Exercise objective: Set out exactly, and with nothing added, the line containing "Tatsu, Yukinobu - Dandadan, Vol. 16" and every line after it through the final line of the data.

(Collected data entries)
Start of Block

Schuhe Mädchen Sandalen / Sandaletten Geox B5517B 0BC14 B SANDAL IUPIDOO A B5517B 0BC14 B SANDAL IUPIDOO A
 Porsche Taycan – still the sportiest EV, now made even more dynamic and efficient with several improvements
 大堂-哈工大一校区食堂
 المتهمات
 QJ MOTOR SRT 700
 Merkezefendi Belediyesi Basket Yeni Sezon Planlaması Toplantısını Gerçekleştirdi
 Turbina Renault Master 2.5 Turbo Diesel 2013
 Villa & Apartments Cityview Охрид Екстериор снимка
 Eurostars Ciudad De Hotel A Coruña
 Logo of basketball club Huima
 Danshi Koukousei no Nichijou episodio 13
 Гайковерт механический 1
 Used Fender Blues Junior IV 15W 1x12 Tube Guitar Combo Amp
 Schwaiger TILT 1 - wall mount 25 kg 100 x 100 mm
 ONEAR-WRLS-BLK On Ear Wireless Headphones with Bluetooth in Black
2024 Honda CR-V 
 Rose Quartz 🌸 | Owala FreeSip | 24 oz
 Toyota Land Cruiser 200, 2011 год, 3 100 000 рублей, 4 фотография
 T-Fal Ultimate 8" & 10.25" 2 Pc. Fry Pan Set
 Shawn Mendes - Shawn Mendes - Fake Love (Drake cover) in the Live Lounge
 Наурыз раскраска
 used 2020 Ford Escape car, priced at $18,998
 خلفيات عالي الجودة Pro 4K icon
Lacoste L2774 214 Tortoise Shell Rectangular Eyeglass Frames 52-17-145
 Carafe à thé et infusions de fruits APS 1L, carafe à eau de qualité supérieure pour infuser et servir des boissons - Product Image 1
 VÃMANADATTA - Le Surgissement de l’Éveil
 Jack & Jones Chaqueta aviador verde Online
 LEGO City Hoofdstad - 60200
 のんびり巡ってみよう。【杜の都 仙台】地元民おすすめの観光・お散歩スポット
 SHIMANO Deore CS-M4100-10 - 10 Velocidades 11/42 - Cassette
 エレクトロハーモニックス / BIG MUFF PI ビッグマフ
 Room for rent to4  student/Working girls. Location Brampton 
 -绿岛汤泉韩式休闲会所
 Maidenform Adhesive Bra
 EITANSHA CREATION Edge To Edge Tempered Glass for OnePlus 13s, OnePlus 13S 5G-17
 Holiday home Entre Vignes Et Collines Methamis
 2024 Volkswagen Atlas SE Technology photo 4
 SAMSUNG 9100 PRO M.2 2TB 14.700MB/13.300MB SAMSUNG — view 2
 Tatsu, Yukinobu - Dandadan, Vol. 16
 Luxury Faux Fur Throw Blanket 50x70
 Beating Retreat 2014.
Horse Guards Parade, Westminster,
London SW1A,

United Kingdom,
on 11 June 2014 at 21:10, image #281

End of Block

Task output:
 Tatsu, Yukinobu - Dandadan, Vol. 16
 Luxury Faux Fur Throw Blanket 50x70
 Beating Retreat 2014.
Horse Guards Parade, Westminster,
London SW1A,

United Kingdom,
on 11 June 2014 at 21:10, image #281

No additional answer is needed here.